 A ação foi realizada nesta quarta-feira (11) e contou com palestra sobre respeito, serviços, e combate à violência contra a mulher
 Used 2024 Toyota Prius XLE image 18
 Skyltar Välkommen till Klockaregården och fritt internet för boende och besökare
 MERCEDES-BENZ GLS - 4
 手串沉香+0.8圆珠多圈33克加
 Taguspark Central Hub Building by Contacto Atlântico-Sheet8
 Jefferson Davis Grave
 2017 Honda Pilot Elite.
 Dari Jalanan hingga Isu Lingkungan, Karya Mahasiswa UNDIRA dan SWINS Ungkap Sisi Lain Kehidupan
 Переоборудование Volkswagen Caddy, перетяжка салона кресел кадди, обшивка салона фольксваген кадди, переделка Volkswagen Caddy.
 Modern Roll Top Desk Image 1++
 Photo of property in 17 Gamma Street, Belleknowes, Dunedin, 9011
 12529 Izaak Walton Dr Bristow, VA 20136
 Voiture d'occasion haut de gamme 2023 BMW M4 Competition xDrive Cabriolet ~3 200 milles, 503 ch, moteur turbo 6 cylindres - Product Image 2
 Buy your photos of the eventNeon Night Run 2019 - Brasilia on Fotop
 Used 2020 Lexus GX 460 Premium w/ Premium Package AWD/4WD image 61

How to complete this task: The lines you need are those holding the word "Used"; copy each of them from the material above.

Solution below:
 Used 2024 Toyota Prius XLE image 18
 Used 2020 Lexus GX 460 Premium w/ Premium Package AWD/4WD image 61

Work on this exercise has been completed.